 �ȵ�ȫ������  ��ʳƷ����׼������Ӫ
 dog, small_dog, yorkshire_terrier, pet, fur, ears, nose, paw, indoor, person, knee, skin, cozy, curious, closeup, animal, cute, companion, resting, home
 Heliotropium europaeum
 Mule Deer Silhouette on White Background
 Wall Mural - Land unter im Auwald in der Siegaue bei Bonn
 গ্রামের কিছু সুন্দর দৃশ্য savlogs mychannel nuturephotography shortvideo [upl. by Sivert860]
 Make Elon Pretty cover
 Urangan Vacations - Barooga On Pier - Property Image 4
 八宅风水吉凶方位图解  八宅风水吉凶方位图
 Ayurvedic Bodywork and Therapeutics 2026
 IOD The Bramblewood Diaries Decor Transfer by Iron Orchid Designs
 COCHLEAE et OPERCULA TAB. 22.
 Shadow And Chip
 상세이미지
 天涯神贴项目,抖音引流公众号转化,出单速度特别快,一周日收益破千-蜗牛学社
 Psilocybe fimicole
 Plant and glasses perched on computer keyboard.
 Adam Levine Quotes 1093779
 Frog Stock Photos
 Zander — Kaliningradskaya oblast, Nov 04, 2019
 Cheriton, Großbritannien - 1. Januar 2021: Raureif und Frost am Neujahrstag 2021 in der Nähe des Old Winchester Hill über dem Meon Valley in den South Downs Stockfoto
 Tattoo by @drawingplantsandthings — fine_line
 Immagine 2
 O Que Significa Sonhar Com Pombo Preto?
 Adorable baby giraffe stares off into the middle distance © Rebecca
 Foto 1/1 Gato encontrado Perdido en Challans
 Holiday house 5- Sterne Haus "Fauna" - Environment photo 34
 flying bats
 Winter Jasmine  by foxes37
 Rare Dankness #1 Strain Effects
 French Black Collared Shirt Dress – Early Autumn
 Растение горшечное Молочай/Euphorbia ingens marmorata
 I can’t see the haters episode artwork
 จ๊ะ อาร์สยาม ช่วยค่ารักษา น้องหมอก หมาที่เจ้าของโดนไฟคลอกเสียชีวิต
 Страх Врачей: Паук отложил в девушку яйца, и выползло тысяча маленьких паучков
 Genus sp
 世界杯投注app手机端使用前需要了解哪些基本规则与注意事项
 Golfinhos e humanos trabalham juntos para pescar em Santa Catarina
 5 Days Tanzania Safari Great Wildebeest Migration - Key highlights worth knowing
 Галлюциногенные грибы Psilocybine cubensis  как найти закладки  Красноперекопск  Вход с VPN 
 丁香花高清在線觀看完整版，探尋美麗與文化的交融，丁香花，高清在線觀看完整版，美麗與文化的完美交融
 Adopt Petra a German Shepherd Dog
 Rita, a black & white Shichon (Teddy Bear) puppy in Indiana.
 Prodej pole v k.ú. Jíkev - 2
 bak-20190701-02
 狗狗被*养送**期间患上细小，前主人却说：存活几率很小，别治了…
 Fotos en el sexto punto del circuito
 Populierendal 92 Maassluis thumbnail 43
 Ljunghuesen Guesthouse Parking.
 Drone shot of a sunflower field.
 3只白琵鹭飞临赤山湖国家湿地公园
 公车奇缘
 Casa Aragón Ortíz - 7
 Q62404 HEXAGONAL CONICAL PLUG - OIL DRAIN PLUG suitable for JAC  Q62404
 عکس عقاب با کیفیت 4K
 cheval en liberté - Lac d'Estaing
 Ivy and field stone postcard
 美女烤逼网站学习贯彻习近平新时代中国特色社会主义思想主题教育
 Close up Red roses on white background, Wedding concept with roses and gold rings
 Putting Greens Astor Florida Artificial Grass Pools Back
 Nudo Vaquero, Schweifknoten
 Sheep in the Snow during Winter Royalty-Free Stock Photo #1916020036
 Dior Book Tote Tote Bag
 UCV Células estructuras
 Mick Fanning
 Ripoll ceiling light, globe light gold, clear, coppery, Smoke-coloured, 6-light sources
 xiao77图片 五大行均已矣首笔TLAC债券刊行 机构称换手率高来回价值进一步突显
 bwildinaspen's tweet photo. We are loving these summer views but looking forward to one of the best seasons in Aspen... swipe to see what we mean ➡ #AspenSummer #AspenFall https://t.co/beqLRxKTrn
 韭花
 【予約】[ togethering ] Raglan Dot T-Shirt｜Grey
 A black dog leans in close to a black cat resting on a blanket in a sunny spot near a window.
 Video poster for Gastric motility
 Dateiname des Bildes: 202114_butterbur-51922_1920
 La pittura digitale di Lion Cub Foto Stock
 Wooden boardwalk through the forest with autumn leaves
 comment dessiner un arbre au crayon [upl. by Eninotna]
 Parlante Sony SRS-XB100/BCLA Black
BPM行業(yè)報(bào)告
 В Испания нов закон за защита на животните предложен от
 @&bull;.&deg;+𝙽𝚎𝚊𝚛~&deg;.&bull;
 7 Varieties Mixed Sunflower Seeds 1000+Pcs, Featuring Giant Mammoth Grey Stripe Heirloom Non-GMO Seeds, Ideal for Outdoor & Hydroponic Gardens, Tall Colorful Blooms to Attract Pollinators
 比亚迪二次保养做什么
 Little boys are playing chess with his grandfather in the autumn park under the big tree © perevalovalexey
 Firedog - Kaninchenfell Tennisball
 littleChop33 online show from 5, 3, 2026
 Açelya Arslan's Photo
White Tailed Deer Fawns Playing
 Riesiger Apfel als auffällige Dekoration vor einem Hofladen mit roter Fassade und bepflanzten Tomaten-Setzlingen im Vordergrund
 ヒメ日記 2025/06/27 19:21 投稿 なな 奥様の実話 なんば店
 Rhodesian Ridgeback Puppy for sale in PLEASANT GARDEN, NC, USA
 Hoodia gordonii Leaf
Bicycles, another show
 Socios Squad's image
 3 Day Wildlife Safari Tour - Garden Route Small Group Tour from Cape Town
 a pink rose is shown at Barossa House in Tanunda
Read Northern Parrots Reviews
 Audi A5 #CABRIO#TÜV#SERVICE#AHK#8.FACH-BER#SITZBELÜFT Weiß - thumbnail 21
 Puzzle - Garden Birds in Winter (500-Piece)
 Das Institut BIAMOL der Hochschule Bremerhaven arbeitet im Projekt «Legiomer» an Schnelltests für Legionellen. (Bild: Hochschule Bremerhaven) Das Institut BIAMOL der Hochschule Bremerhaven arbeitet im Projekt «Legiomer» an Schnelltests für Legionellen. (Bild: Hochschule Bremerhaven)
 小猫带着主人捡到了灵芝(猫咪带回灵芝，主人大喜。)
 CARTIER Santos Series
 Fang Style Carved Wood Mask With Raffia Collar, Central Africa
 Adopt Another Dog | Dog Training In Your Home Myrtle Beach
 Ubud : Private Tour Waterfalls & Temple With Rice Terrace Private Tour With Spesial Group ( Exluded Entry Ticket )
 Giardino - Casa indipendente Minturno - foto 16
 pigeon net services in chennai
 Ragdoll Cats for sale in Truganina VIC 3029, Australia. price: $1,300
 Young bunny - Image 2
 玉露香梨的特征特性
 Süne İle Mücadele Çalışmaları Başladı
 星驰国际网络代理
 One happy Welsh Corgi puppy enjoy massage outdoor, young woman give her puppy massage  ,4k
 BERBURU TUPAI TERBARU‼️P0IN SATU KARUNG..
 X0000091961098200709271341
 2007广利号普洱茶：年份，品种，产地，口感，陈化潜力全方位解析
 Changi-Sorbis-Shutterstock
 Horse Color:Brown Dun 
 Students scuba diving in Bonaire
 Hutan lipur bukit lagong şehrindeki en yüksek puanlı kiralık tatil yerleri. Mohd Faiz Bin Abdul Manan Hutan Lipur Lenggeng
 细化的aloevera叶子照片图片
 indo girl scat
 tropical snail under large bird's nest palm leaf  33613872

***

> **Task brief**: Go to the line with "comment dessiner un" in the entries above and repeat every line from there through the line with "X0000091961098200709271341", exactly and with no other text.

> **Your solution**:
 comment dessiner un arbre au crayon [upl. by Eninotna]
 Parlante Sony SRS-XB100/BCLA Black
BPM行業(yè)報(bào)告
 В Испания нов закон за защита на животните предложен от
 @&bull;.&deg;+𝙽𝚎𝚊𝚛~&deg;.&bull;
 7 Varieties Mixed Sunflower Seeds 1000+Pcs, Featuring Giant Mammoth Grey Stripe Heirloom Non-GMO Seeds, Ideal for Outdoor & Hydroponic Gardens, Tall Colorful Blooms to Attract Pollinators
 比亚迪二次保养做什么
 Little boys are playing chess with his grandfather in the autumn park under the big tree © perevalovalexey
 Firedog - Kaninchenfell Tennisball
 littleChop33 online show from 5, 3, 2026
 Açelya Arslan's Photo
White Tailed Deer Fawns Playing
 Riesiger Apfel als auffällige Dekoration vor einem Hofladen mit roter Fassade und bepflanzten Tomaten-Setzlingen im Vordergrund
 ヒメ日記 2025/06/27 19:21 投稿 なな 奥様の実話 なんば店
 Rhodesian Ridgeback Puppy for sale in PLEASANT GARDEN, NC, USA
 Hoodia gordonii Leaf
Bicycles, another show
 Socios Squad's image
 3 Day Wildlife Safari Tour - Garden Route Small Group Tour from Cape Town
 a pink rose is shown at Barossa House in Tanunda
Read Northern Parrots Reviews
 Audi A5 #CABRIO#TÜV#SERVICE#AHK#8.FACH-BER#SITZBELÜFT Weiß - thumbnail 21
 Puzzle - Garden Birds in Winter (500-Piece)
 Das Institut BIAMOL der Hochschule Bremerhaven arbeitet im Projekt «Legiomer» an Schnelltests für Legionellen. (Bild: Hochschule Bremerhaven) Das Institut BIAMOL der Hochschule Bremerhaven arbeitet im Projekt «Legiomer» an Schnelltests für Legionellen. (Bild: Hochschule Bremerhaven)
 小猫带着主人捡到了灵芝(猫咪带回灵芝，主人大喜。)
 CARTIER Santos Series
 Fang Style Carved Wood Mask With Raffia Collar, Central Africa
 Adopt Another Dog | Dog Training In Your Home Myrtle Beach
 Ubud : Private Tour Waterfalls & Temple With Rice Terrace Private Tour With Spesial Group ( Exluded Entry Ticket )
 Giardino - Casa indipendente Minturno - foto 16
 pigeon net services in chennai
 Ragdoll Cats for sale in Truganina VIC 3029, Australia. price: $1,300
 Young bunny - Image 2
 玉露香梨的特征特性
 Süne İle Mücadele Çalışmaları Başladı
 星驰国际网络代理
 One happy Welsh Corgi puppy enjoy massage outdoor, young woman give her puppy massage  ,4k
 BERBURU TUPAI TERBARU‼️P0IN SATU KARUNG..
 X0000091961098200709271341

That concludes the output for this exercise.